Na madrugada de quinta-feira (4), a juíza condenou o réu Jairinho a 43 anos, 9 meses e 20 dias de prisão pela morte de Henry Borel. Em contraponto, Monique recebeu o perdão judicial após a desclassificação da acusação de homicídio doloso para culposo, o que suscitou a discussão acerca dos limites da responsabilização das mulheres em situações de violência.
Elizabeth Machado Louro, em sua análise, argumentou que Monique Medeiros foi alvo de um preconceito de gênero, que resultou em um “massacre” público durante o processo. Essa leitura, embora respaldada por uma parte do feminismo jurídico, também gerou críticas de especialistas na defesa dos direitos das mulheres, que alertam para a necessidade de não minimizar a gravidade da morte de Henry ou eximir Monique de suas responsabilidades.
A advogada feminista Cláudia Luna, especialista em direitos das mulheres, destacou que a sentença evidencia desigualdades presentes na sociedade, na mídia e no sistema judiciário.
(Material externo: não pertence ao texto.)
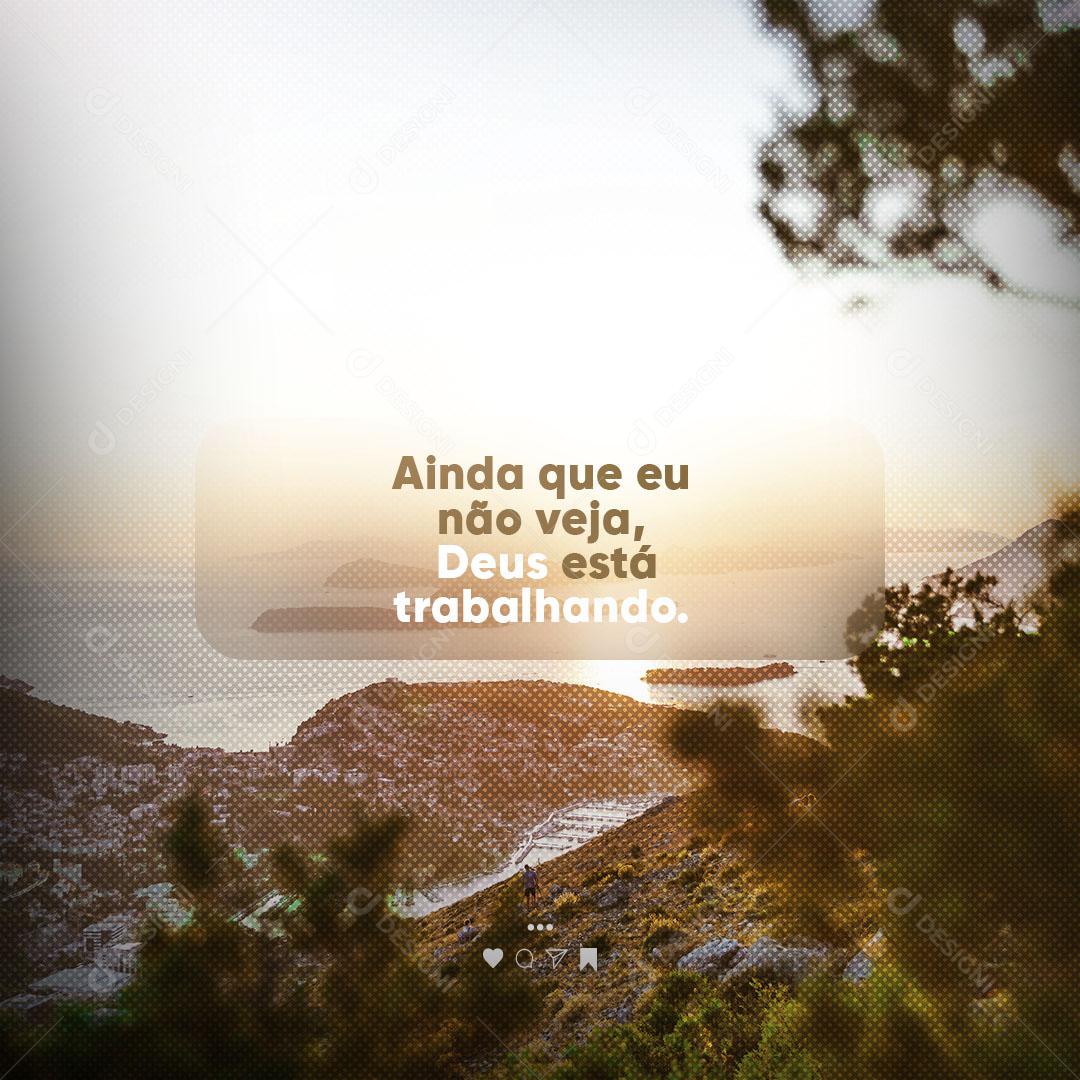 Frase Motivacional Ainda Que eu não Veja, Deus Está Trabalhando Social Media PSD Editável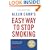 Allen Carr's Easy Way to Stop Smoking: Be a Happy Non-smoker for the Rest of Your Life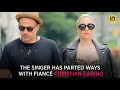 BAD ROMANCE: LADY GAGA CALLS IT QUITS WITH FIANCÉ CHRISTIAN CARINO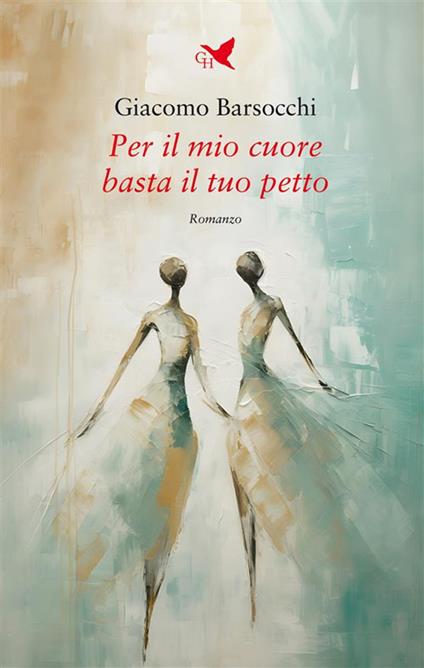 Per il mio cuore basta il tuo petto - Giacomo Barsocchi - ebook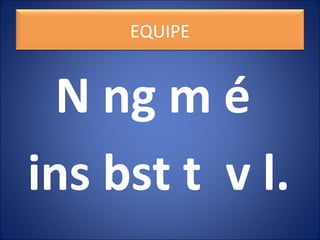 N ng m é
ins bst t v l.
EQUIPE
 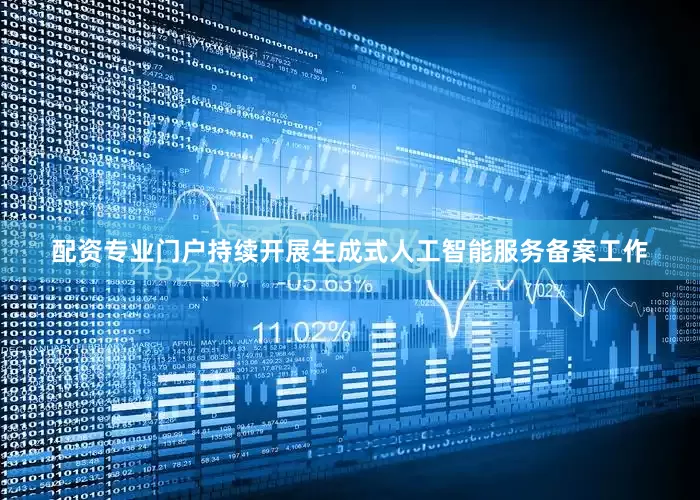 配资专业门户持续开展生成式人工智能服务备案工作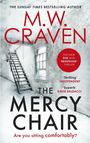 M W Craven: The Mercy Chair, Buch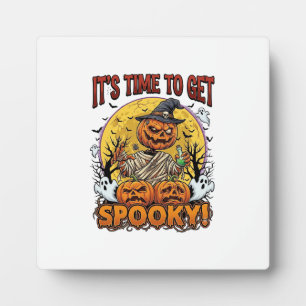 Plaque Photo C'est le moment de rendre Halloween effrayant Citr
Porém, ela enfatizou que a discussão não deve ser confundida com uma tentativa de isentar Monique de sua conduta. "Não estou desresponsabilizando ou isentando a Monique em relação à conduta cometida. O que estou debatendo é como a sociedade, o sistema de Justiça e a própria mídia conseguem trazer métricas diferentes quando analisam a mesma situação envolvendo homem e mulher", afirmou.
Luna também apontou que a gravidade da morte de Henry não deve ser desconsiderada no debate sobre a responsabilidade individual. A professora criticou a utilização de elementos como a misoginia e a violência institucional para justificar a extinção da punição. "Embora o linchamento público e as agressões sofridas por Monique nas redes sociais sejam inaceitáveis, não são suficientes para fundamentar o perdão judicial nesse caso", afirmou.
A jurista ressaltou que reconhecer a existência de um relacionamento abusivo ou de violência psicológica não deve afastar a responsabilidade individual pelos atos ou omissões. Para ela, a defesa dos direitos das mulheres não pode ser confundida com a diminuição da autonomia moral e jurídica das mesmas. "O feminismo luta pela autonomia e pela responsabilização da mulher como sujeito de direitos e deveres. Tratá-la como um ser sempre tutelado, incapaz de responder por suas omissões, é, em si, uma postura patriarcal."